May 21st, 1980

Star Wars – The Empire Strikes Back releases

Overnight, Boba Fett becomes an instant fan favorite


So how does a character with virtually no screen time create such hype, excitement, and allure among the Star Wars Fans?

First, some interesting stats about the movie from the Boba Fett Fan Club:

  • Boba Fett’s 4 lines consist of 5 sentences total.
  • Boba Fett’s lines total 27 words.
  • Boba Fett’s screen time is 6 minutes 32 seconds
  • Boba Fett has only one scene over 1 minute long.
  • The second longest scene is 47 seconds long.

I have had a long-running suspicion that his popularity stems from having a jet-pack in 1980. Fans seeing this technology at the time were enamored with this ability to fly that drove his popularity through the roof. There could be a multitude of reasons for his popularity but we can leave that debate for the fan club.

Just as fans gravitate towards popular movie characters, people seem to gravitate towards great storytellers when it comes to investing ideas.

Take, for example, Elizabeth Holmes and Theranos. Investors hyped Theranos as a breakthrough in the blood-testing market. Theranos claimed its technology was revolutionary and that its tests required only about 1/100 to 1/1,000 of the amount of blood that would ordinarily be needed and cost far less than existing tests. Immediately the story of “The Next Steve Jobs” beings to travel throughout Silicon Valley and the rest of Wall Street. In 2014, Theranos was valued at $10B!

Fast forward to 2018, the SEC charges Theranos, Holmes, and other management with fraud. The company craters, Holmes is barred from the industry, and investors lose pretty much everything. In John Carreyrou’s book, Bad Blood, details of how much fraud was going on inside the company are astounding. More of a show was going to sell investors than actual research to revolutionize the blood-testing industry.

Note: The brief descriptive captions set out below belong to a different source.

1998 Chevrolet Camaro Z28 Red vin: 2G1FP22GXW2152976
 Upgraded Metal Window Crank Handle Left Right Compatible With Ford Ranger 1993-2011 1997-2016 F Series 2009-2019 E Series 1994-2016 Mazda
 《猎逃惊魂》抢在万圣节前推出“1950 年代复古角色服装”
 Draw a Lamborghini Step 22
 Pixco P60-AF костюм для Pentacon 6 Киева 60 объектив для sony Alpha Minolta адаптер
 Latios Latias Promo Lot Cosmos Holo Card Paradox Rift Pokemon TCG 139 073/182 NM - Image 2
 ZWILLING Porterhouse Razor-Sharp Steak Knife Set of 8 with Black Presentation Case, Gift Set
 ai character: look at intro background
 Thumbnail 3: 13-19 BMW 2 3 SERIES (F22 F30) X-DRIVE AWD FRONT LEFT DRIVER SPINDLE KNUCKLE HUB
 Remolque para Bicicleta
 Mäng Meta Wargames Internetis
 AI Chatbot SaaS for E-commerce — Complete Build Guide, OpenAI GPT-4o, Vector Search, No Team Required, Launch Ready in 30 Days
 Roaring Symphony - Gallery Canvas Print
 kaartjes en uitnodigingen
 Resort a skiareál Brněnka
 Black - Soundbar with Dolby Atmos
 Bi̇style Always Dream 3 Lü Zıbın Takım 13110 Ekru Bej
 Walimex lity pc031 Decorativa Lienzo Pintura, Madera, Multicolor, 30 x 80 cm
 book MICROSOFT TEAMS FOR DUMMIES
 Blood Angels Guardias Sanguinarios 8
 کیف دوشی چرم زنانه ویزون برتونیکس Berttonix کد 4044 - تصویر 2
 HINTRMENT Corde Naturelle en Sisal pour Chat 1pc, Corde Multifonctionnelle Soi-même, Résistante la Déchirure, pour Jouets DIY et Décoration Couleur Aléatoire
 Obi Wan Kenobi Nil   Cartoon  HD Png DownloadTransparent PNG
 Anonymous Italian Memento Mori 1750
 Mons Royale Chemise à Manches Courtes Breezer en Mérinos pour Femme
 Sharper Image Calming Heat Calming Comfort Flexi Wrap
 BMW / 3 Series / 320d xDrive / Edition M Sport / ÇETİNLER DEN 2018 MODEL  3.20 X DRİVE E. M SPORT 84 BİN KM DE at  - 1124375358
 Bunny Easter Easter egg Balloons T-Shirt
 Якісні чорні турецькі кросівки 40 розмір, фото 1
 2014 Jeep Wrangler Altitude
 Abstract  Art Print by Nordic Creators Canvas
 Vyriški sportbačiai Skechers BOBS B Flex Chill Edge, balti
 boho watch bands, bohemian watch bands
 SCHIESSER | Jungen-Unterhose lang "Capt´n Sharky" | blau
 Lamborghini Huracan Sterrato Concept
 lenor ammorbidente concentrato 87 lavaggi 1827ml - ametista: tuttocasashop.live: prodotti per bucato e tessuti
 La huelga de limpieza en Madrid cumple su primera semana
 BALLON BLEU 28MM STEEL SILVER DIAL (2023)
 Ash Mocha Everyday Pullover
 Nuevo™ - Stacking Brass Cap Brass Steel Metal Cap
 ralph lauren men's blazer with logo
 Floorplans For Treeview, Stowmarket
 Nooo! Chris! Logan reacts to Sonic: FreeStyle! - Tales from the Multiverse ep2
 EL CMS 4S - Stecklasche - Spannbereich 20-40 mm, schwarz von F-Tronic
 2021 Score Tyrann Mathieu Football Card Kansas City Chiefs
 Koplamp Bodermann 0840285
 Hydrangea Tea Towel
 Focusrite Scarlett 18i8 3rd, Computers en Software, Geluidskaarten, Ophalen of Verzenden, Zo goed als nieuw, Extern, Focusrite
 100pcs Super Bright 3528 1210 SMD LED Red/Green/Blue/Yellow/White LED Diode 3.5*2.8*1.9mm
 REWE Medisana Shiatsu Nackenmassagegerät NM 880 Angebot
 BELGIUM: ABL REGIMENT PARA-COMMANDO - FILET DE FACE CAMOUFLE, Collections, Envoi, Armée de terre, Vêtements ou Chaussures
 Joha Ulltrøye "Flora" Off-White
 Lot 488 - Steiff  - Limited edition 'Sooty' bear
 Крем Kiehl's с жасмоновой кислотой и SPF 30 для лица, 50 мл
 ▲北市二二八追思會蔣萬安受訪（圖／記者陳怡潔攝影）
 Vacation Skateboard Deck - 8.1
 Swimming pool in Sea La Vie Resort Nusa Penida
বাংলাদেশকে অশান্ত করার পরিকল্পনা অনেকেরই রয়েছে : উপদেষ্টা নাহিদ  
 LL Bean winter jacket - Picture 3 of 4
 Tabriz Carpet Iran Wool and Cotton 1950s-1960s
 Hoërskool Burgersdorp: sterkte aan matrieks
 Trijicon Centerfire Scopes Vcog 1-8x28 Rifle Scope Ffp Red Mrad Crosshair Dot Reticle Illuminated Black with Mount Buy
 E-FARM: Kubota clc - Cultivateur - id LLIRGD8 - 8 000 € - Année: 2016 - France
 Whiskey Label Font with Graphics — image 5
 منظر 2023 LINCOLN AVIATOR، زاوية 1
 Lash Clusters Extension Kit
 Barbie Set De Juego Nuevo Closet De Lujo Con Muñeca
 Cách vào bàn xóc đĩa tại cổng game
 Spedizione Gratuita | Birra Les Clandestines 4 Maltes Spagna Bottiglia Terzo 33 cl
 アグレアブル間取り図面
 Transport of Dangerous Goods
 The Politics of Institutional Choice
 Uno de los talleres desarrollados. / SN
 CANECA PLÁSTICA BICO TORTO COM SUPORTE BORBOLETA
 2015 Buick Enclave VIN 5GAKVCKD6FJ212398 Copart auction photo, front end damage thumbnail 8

What investors seem to get caught up with is trying to chase after some new technology before it is perfected. We get over-excited at the onset of some new innovative idea that we forget to actually determine whether or not it’s a viable product. The concept here is what’s known as the hype cycle.


There are 5 parts to this hype cycle that we have to be aware of when evaluating some new innovative idea. The sections below are all from Gartner’s website that details how Hype Cycles work.

  1. Innovation Trigger: A potential technology breakthrough kicks things off. Early proof-of-concept stories and media interest trigger significant publicity. Often no usable products exist and commercial viability is unproven.
  2. Peak of Inflated Expectations: Early publicity produces a number of success stories — often accompanied by scores of failures. Some companies take action; many do not.
  3. Trough of Disillusionment: Interest wanes as experiments and implementations fail to deliver. Producers of the technology shake out or fail. Investments continue only if the surviving providers improve their products to the satisfaction of early adopters.
  4. Slope of Enlightenment: More instances of how the technology can benefit the enterprise start to crystallize and become more widely understood. Second- and third-generation products appear from technology providers. More enterprises fund pilots; conservative companies remain cautious.
  5. Plateau of Productivity: Mainstream adoption starts to take off. Criteria for assessing provider viability are more clearly defined. The technology’s broad market applicability and relevance are clearly paying off.

Our goal as investors it to evaluate where on the hype cycle we are before we make some investment decision. Theranos might have been the first mover trying to disrupt the blood-testing market but we see in hindsight we are still years, maybe decades away.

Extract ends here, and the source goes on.